In einem stetigen Prozess klebt ein dünner Film eines flüssigen Produktes an der Außenseite der sich drehenden Walze. Sobald das Produkt mit der äußeren Walzenoberfläche, die von innen gekühlt ist, in Kontakt kommt, verfestigt es sich. Die Wärme wird dem Produkt entzogen und die benötigte Endtemperatur erreicht. Nachdem sich die Walze fast einmal um sich selbst gedreht hat, wird das Produkt mit Hilfe eines Schabemessers von der Oberfläche entfernt. In diesem Verfahren wird das Produkt zu leicht handhabbaren Flocken zerkleinert, die je nach Produktart und Verarbeitungsbedingungen auf ihre Form und Größe hin untersucht werden können. Die Kühlwalze kann in verschiedenen Ausführungen geliefert werden.

DIP-Vorrichtung


Für Produkte mit niedrigem Flüssigkeitsgrad und guten Hafteigenschaften wird eine Kühlwalze mit Auffangwanne verwendet. Bei dieser Art von Kühlwalze wird die sich drehende Walze kontinuierlich durch die beheizte Schmelze in der Auffangwanne unterhalb der Walze betrieben. Durch die interne Kühlung der Walze verfestigt sich die Schmelze auf der Walzenoberfläche. Da sie sich dreht, nimmt die Walze auch eine Menge flüssiger Stoffe auf, die ebenfalls schnell abkühlen und fest werden.
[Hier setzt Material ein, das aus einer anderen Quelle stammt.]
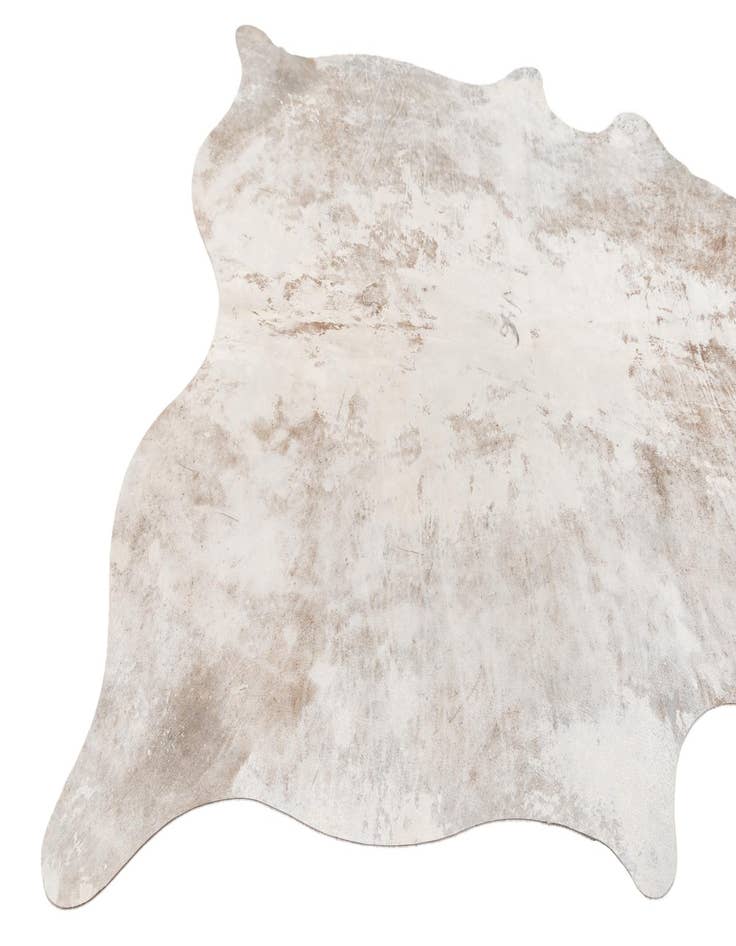 Detail image of  5' 9 x 6' 3 Cowhide Leather Rug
Obenliegende Auftragswalze


Für Stoffe mit schlechten Hafteigenschaften und mäßigem bis hohem Flüssigkeitsgrad wird eine obenliegende Auftragswalze verwendet. In diesem System ist eine beheizte Auftragswalze über der Walzenkühlung angebracht. Die Schmelze kann einfach durch den trogförmigen Walzenspalt zwischen der Auftragswalze und der Walzenkühlung eingespeist werden. Der Kontakt mit der heißen Auftragswalze stellt sicher, dass das Produkt flüssig bleibt. Während der Herstellung fliegt das Produkt über den Trog des Walzenspalts zur kalten Walzenkühlung und klebt an der Walzenoberfläche. Dieses Verfahren ermöglicht die genaue Bestimmung der Flockenform und -stärke. Anschließend schabt ein Messer das feste Produkt von der Walze.

Weitere Bauarten

ANDRITZ Gouda verfügt über eine Reihe von Spezialmaschinen. Für Stoffe mit schlechten Hafteigenschaften kann die Oberfläche zusätzlich mit speziellen (schwalbenschwanzförmigen) Vertiefungen ausgestattet werden. Walzen werden meist aus Edelstahl gefertigt. Neben der Wahl verschiedener Edelstahlarten sind auch verchromte Walzen sowie Walzen aus Hastelloy oder Eisenguss möglich.

Schaberanordnung in vielen Ausführungen

Die Schaberanordnungen von ANDRITZ Gouda weisen eine widerstandsfähige Bauweise auf, bieten eine einheitliche Druckverteilung über die gesamte Walzenlänge und verhindern dadurch Schwingungen. Der Messerdruck kann einfach mittels eines pneumatischen Presssystems angepasst werden, welches außerhalb des Gehäuses montiert ist. Eine Auswahl der Messermaterialien ist verfügbar, die von Stahl bis hin zu Plastik reicht. Welches Material gewählt wird, hängt vom zu verarbeitenden Produkt ab. Die Flockengröße kann durch die Wahl des Schabesystems im Voraus festgelegt werden.

Versuchsanlage

ANDRITZ Gouda besitzt verschiedene Versuchsanlagen, um neues Material zu testen, Konstruktionsdaten zu erstellen und charakteristische Warenproben zu bieten. Das bewährte Rechenmodell zur Skalierung industrieller Größen garantiert eine erfolgreiche Anwendung in der realen Verarbeitung.